This commentary originally appeared in Investor's Business Daily on August 10, 2015.

Thomas Piketty's "Capital in the Twenty-First Century" revitalized the debate over the "1%" and its accumulation of wealth. Using a wealth of assembled data, Piketty hypothesized that capital would increasingly concentrate because the return on capital was exceeding economic growth. Thus, money would increasingly widen the gap over labor.

Piketty's suggested a global wealth tax to combat the trend that he identified — an especially attractive idea to elites on the left and their populist allies in the Occupy movement.

But, what if Piketty's underlying assumption on the accumulation of wealth was wrong?

Matthew Rognlie, an MIT economics doctoral student, took apart Piketty's thesis last year in a paper titled, "A Note on Piketty and Diminishing Returns to Capital." The gist of Rognlie's critique is contained in a pithy suggestion for a more accurate alternative title for Piketty's book: "Housing in the Twenty-First Century."

Piketty's contention that wealth is concentrating due to higher relative returns on capital is wrong, Rognlie says, because "recent trends in both capital wealth and income are driven almost entirely by housing," which itself is due to artificial scarcity of housing caused by land-use regulation.

If growing wealth inequality is not an issue of the 1% but rather an issue of excessive home equity increases because of government land-use restrictions that restrict the supply of new housing, it changes the debate considerably.

A statistical analysis verifies that Rognlie is onto something important. Running a multivariate regression analysis for 50 states using a state's cost of living as the dependent variable against two predictors — the degree of urbanization and a state's land-use-freedom score from the Mercatus Center at George Mason University's "Freedom in the 50 States" annual survey — shows that land-use restrictions, not the percentage of urbanization, have a large and predictable effect on the cost of living.

In the San Francisco Bay area, notes Cato Institute senior fellow Randal O'Toole, the ratio of median home value to median family income hit 10 to 1 during the height of the housing bubble in 2006. In Houston, it was 2 to 1 in the same year.

After subsiding for a few years during the recession, the Bay Area ratio climbed back to 6.8 to 1 in 2013 while in Houston it was 2.2 to 1. Given the mounting development restrictions in California, now including greenhouse gas considerations, 2006's 10-to-1 ratio has likely already been breached.

O'Toole says Golden State housing prices have gotten so out of control that average Californians soon may need intergenerational loans or 50-year mortgages to buy a house in job-rich areas.

One practical effect of California having the nation's third-worst land-use restrictions, after New Jersey and Maryland, is the depopulation of African-Americans from urban areas.
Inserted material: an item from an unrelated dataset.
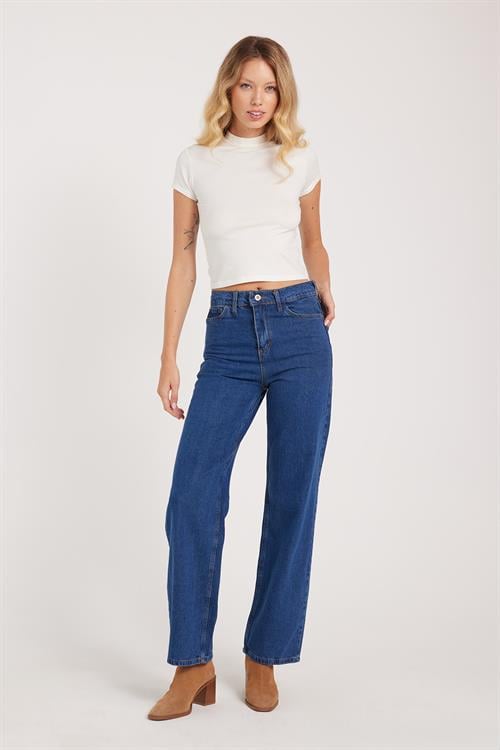 Kadın Regular Fit Klasik Kesim Pamuklu Bol Paça Koyu Mavi Jean Pantolon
O'Toole notes that San Francisco is seeing the nation's biggest exodus of blacks, with every urban area in California seeing a relative decline in African-Americans except the Riverside-San Bernardino region.

The irony of progressive California and its restrictive development policies harming working class minorities isn't lost on the Obama administration's Department of Housing and Urban Development. HUD is targeting tony Marin County for its lack of minority housing. Marin, where California Sen. Barbara Boxer once served on the Board of Supervisors, is too white and too wealthy, it seems.

And, no more perfect an illustration of how wealthy homeowners infringe on their neighbors' property rights, pressuring local officials not to allow paradise-soiling development, can be found in the saga of "Star Wars" creator George Lucas.

Lucas tried to expand his film studio next to his Marin ranch in 1987 and was rebuffed by Marin County elected officials at the behest of Nimby (Not In My Back Yard) activists. In 2012, frustrated by 25 years of stonewalling, Lucas decided instead to work with a developer to build affordable housing.

Local officials nixed this project too, and the developer backed out. Now Lucas is using his own money to build the proposed 224-unit affordable housing project. If construction is approved, it might be completed by 2019, 32 years after Lucas wanted to build something on his own land.

Predictably, the liberal "solution" to land use restrictions isn't to try to loosen them. Rather, it's work around them with more government: tax credits, housing vouchers, transit-oriented development (served by trains operated by government unionized employees), lotteries for below-market rate homes and government affordable-housing bonds. But these "solutions" can't come close to meeting market demand for affordable housing.

Perhaps they should try the one solution not taken: allowing the market to operate.

DeVore is a vice president at the Texas Public Policy Foundation and served in the California Assembly from 2004 to 2010.